From somebody who is the mayor of a city which is likely to benefit from a big economic boost you expect a bit more enthusiasm. But when talking about the number of expected bankers he deliberately framed it like this and played the numbers down, people close to him told me. Otherwise he would risk provoking a huge anti bank campaign from ordinary people. Many not-so-well off citizens are already having a hard time finding affordable housing in Frankfurt.
So far there are more than 60 000 banking jobs in Frankfurt, adding 10 000 over a number of years will not turn Frankfurt into the new London. It will only become “little London”. Ordinary Frankfurters still fear this kind of development. And London bankers play down the issue and stress whenever they get the opportunity: “London will stay a significant financial centre and can easily cope with small losses.”

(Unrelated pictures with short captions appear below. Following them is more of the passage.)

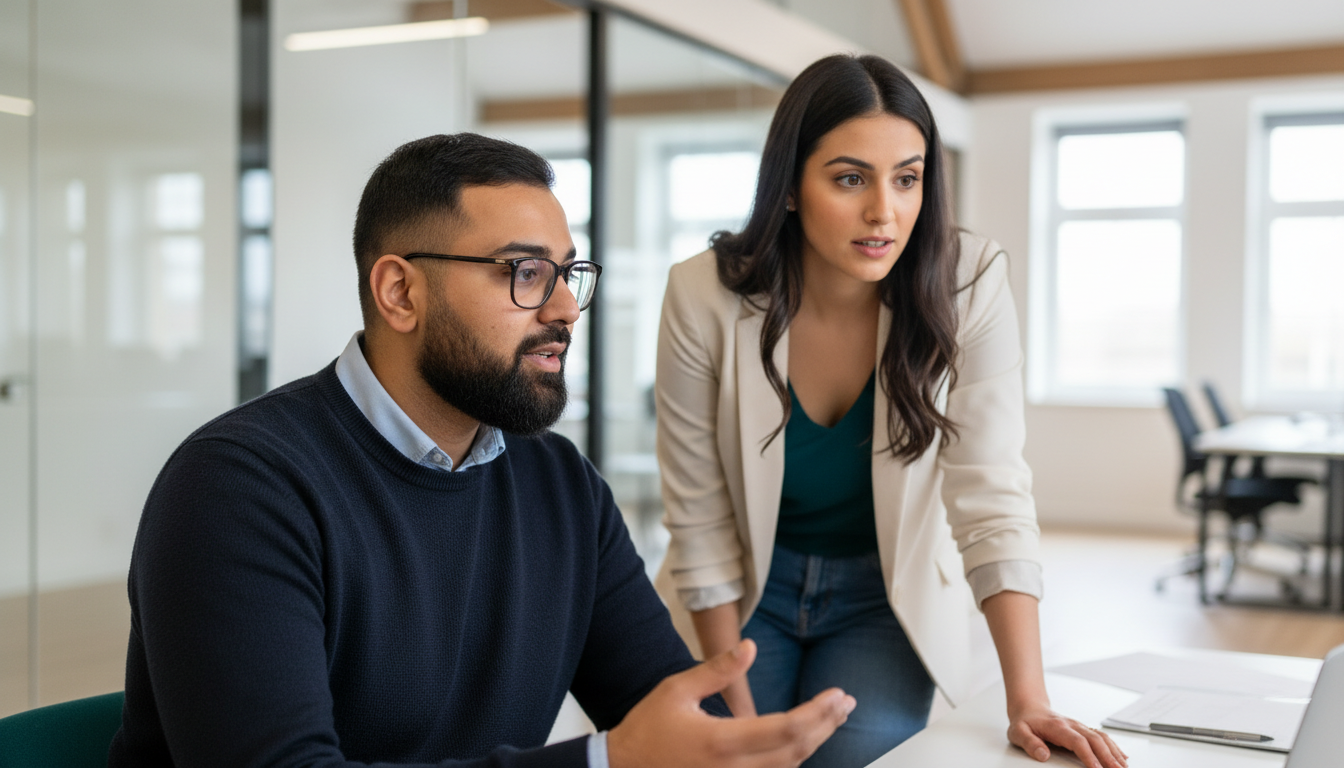 Omar and Sara discussing AI skills and team capability inside a UK office during a working session.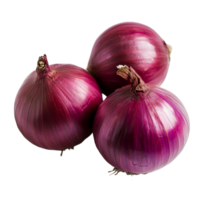 Fresh red onions arranged on a clean transparent background, perfect for culinary use or food photography, Red onion on transparent background png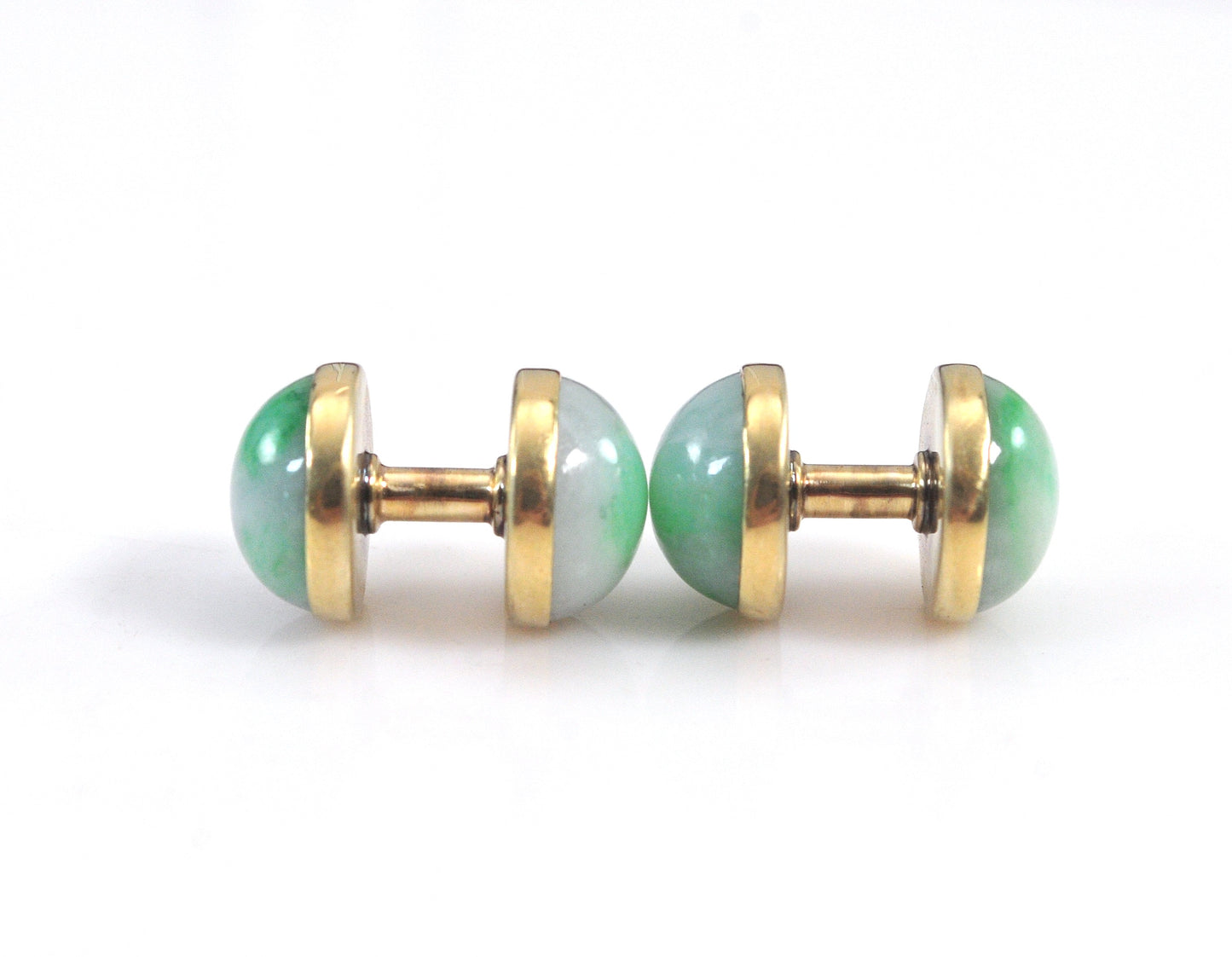 Vintage Estate Sansbury & Nellis 14K Gold Jade Cuff Links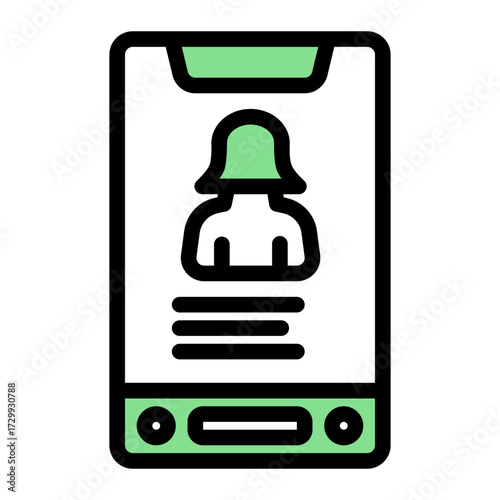 Social media profile icon in Outline Color Lineal style, representing avatar, networking, and online connections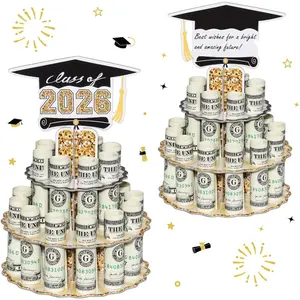 Graduation Money Holder for Cash Gift, 2026 Graduation Gifts Money Holder Leis Cash Cake for Congrats Class of 2026 Graduation Party Supplies
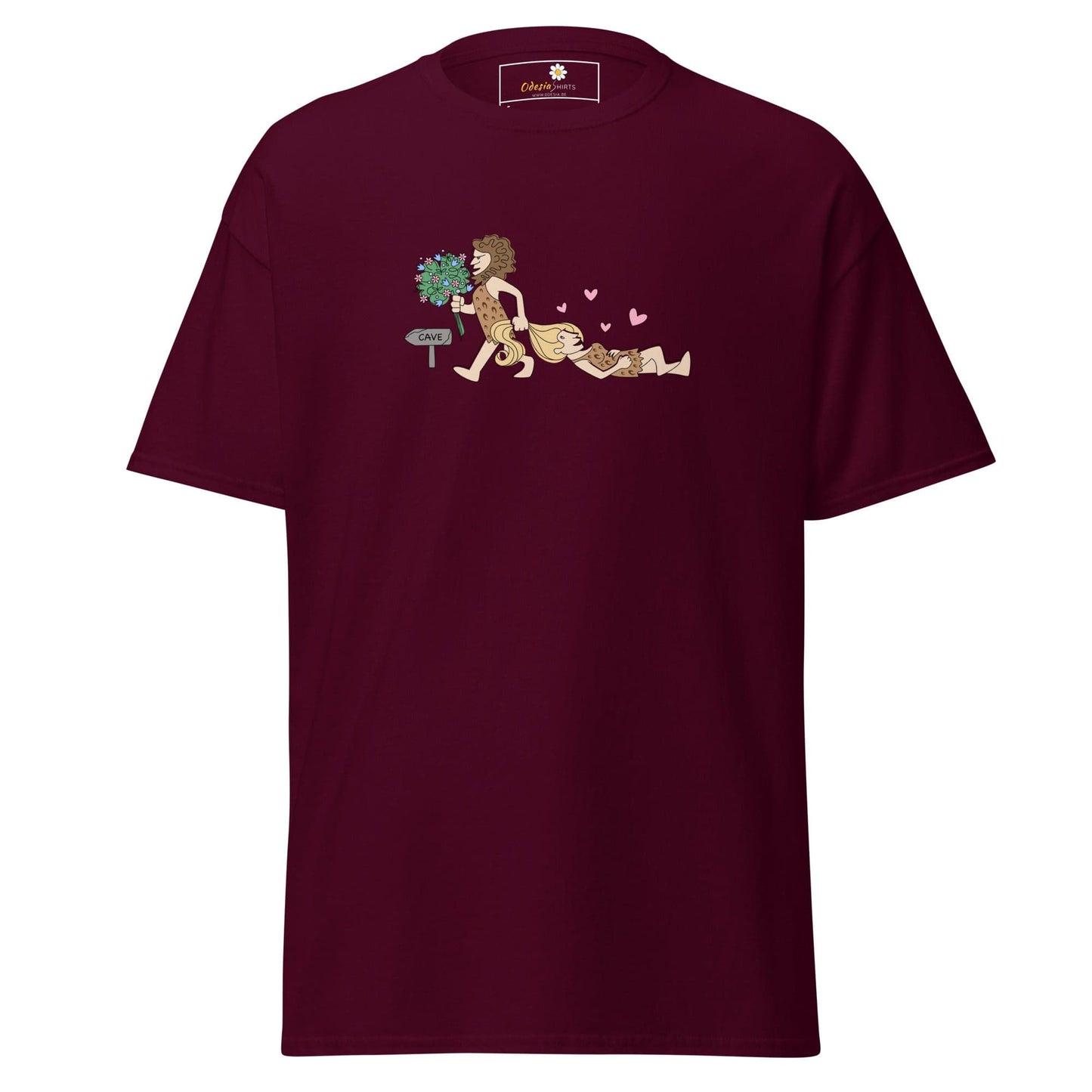 Unisex classic tee - FUN CAVEMAN - REGULAR - Maroon / S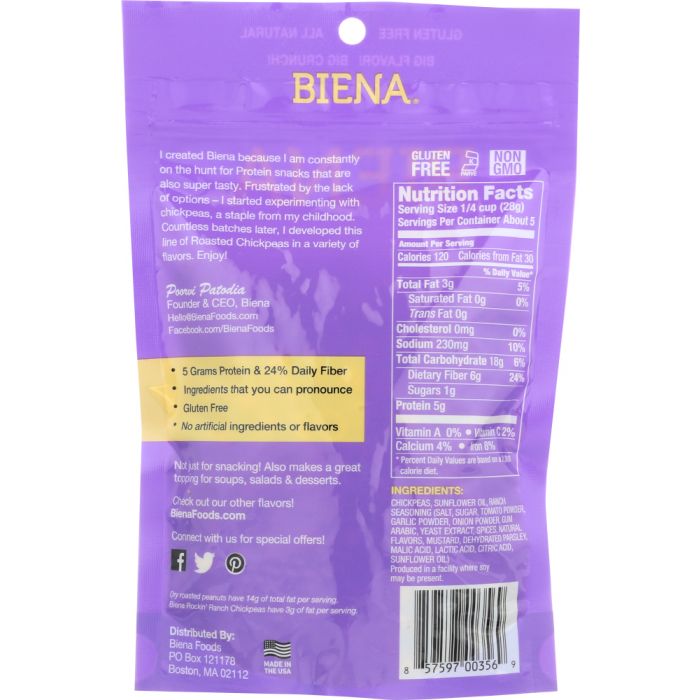 BIENA: Rockin' Ranch Chickpea Snacks, 5 oz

There is still a huge psychological hurdle to move to Frankfurt, that’s for sure – a hurdle only time will be able to overcome. And at the end the number of banking jobs Brexit added to Frankfurt might well be higher than anticipated.
Banks will move jobs very slowly and of course they will only resettle people who are willing to do this. Many will hire locally for vacant positions as far as possible. But if regulators play it intelligently and the banks will fill the CEO posts of their new entities with clever and ambitious people, the units will grow automatically.
According to regulatory guidelines, lenders serving EU clients will need to have a substantial business on the continent post Brexit. This means the entity has to be independent of London and has to be able to manage its own risks without the support of other parts of the banks. Only in the first couple of years a certain amount of outsourcing might be allowed.
That’s pretty clever from a regulator’s point of view. It lowers the hurdle for the bank to set up a new entity in the EU. But over time it will be necessary to relocate more and more functions. The CEO of the new unit will not want to be the CEO of just a small appendix. He will want his business to shine. Automatically more jobs are going to be moves to the new EU hub. Banks will still remain big in London compared to Germany. But reality is biting and the EU offices will soon be getting an influx of staff since the UK does not make any progress on Brexit negotiations.
The banker who fell in love with Frankfurt is not really thrilled about this outlook: “The roads will be more crowded, there will be more traffic, more delays, more similarity to London.” Therefore he rather keeps his mouth shut when talking to colleagues in London about his new home. “It’s better for Frankfurt when it does not look too attractive.”